▶ WHAT IS NEEDED
Leave out the pictures, and retype the remaining data exactly.

BEGIN SUPPLIED DATA

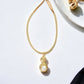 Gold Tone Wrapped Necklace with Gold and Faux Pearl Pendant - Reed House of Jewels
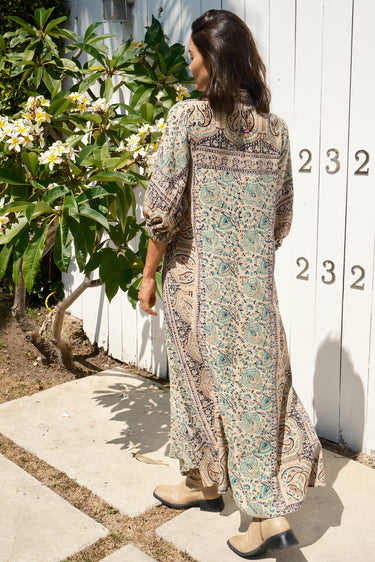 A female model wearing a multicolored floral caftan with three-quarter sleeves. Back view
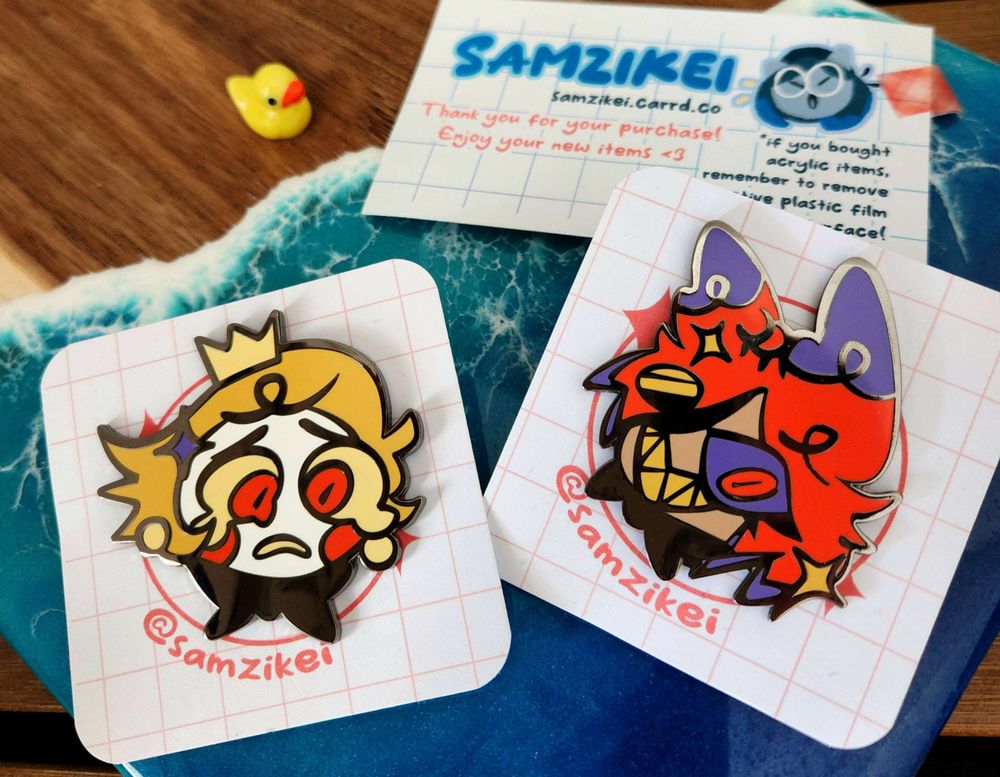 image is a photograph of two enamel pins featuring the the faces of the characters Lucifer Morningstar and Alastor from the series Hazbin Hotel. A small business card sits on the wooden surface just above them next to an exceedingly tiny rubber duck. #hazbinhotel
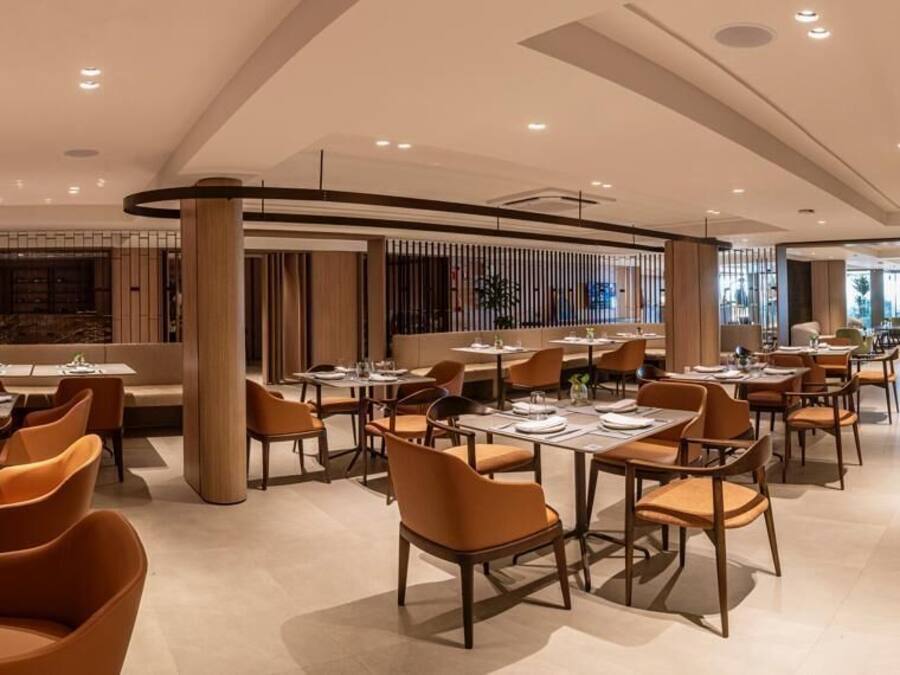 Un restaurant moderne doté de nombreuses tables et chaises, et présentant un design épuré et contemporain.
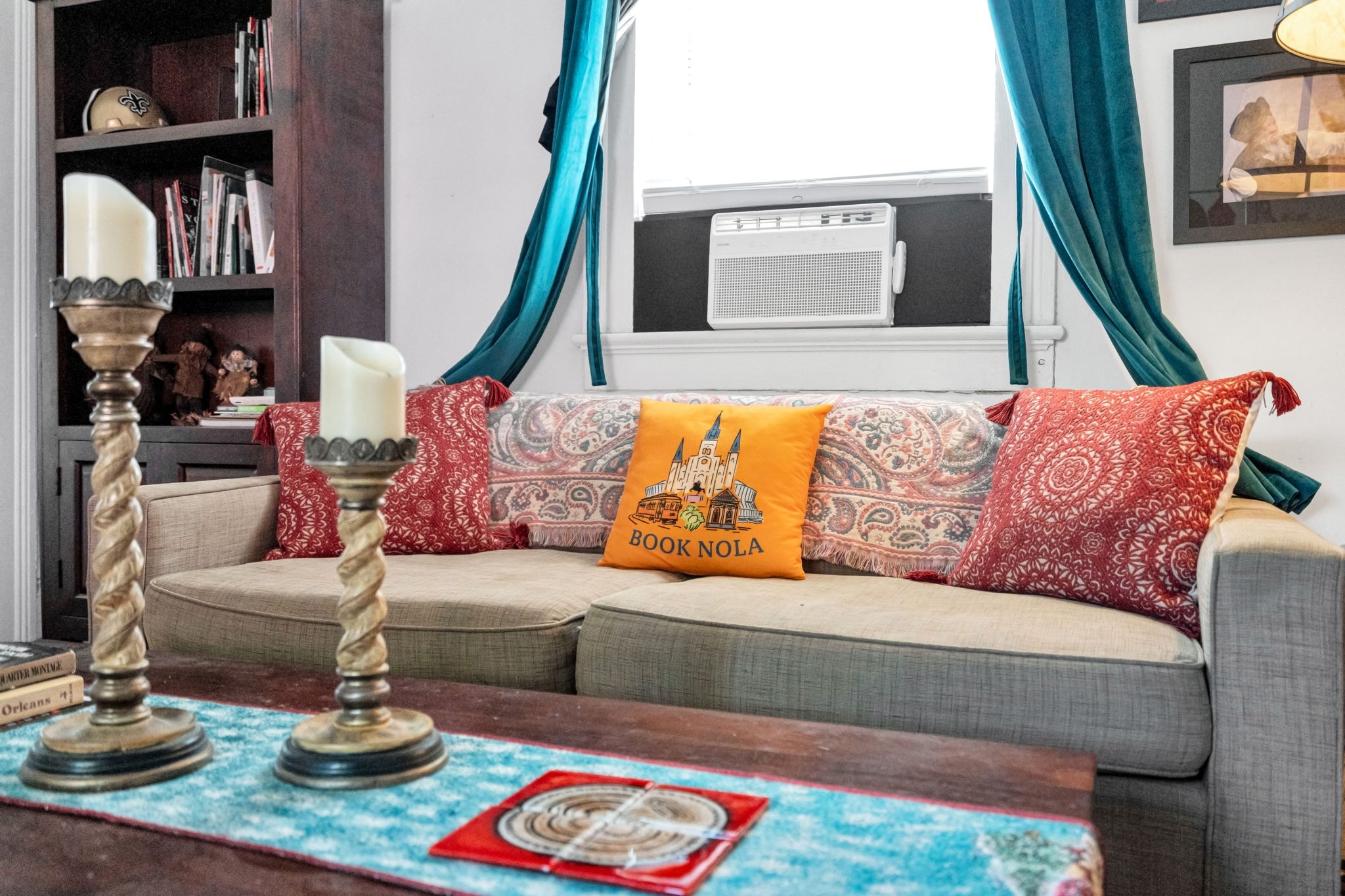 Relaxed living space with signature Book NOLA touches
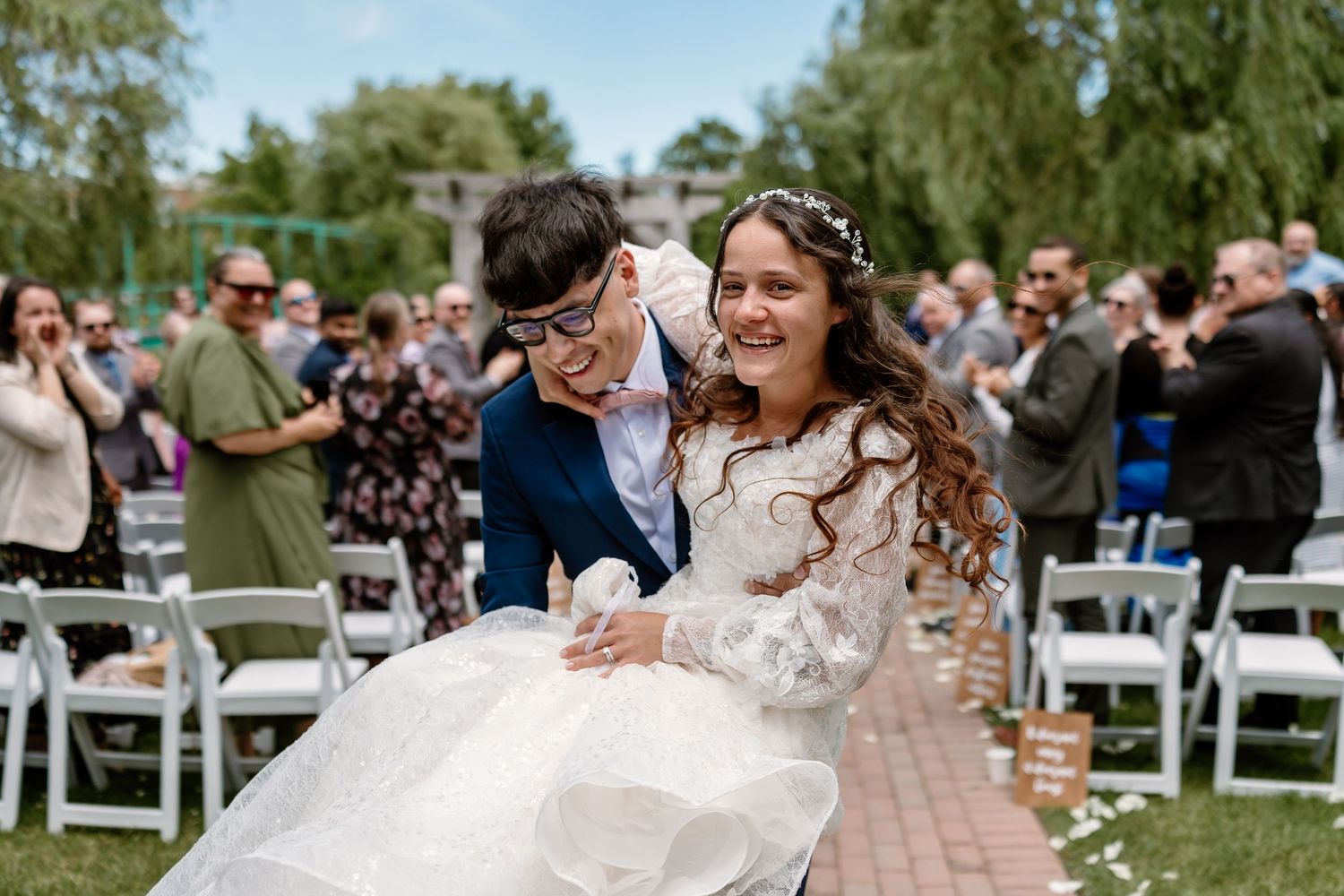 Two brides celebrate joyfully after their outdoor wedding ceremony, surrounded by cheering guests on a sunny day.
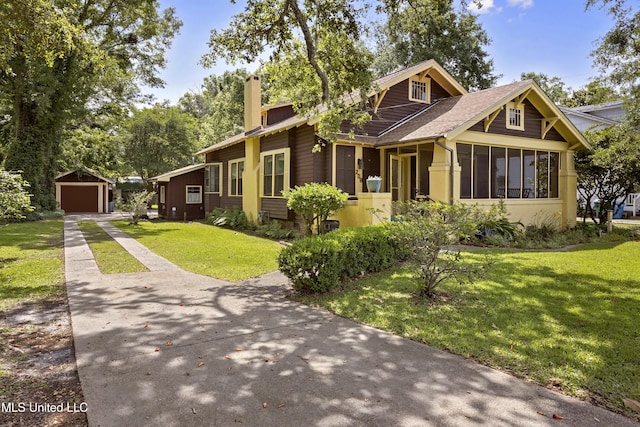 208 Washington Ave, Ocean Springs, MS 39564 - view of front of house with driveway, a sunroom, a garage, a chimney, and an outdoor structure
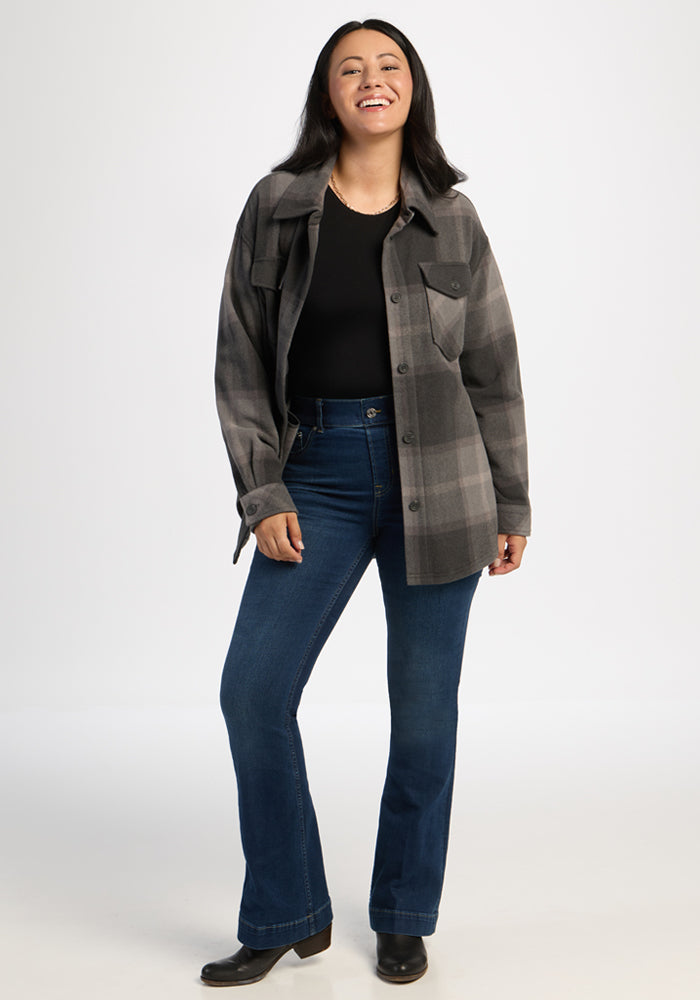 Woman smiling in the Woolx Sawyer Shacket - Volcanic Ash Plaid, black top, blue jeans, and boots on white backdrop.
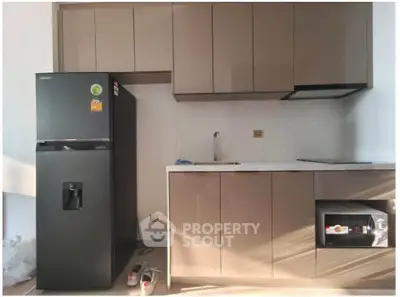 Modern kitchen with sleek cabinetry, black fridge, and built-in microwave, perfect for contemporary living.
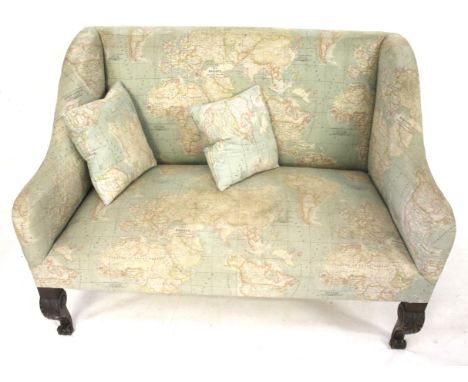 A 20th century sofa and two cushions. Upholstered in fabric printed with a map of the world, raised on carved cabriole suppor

END SUPPLIED DATA

▶ ANSWER BOX
 Gold Tone Wrapped Necklace with Gold and Faux Pearl Pendant - Reed House of Jewels
 A female model wearing a multicolored floral caftan with three-quarter sleeves. Back view
 image is a photograph of two enamel pins featuring the the faces of the characters Lucifer Morningstar and Alastor from the series Hazbin Hotel. A small business card sits on the wooden surface just above them next to an exceedingly tiny rubber duck. #hazbinhotel
 Un restaurant moderne doté de nombreuses tables et chaises, et présentant un design épuré et contemporain.
 Relaxed living space with signature Book NOLA touches
 Two brides celebrate joyfully after their outdoor wedding ceremony, surrounded by cheering guests on a sunny day.
 208 Washington Ave, Ocean Springs, MS 39564 - view of front of house with driveway, a sunroom, a garage, a chimney, and an outdoor structure
 Woman smiling in the Woolx Sawyer Shacket - Volcanic Ash Plaid, black top, blue jeans, and boots on white backdrop.
 Modern kitchen with sleek cabinetry, black fridge, and built-in microwave, perfect for contemporary living.
 A 20th century sofa and two cushions. Upholstered in fabric printed with a map of the world, raised on carved cabriole suppor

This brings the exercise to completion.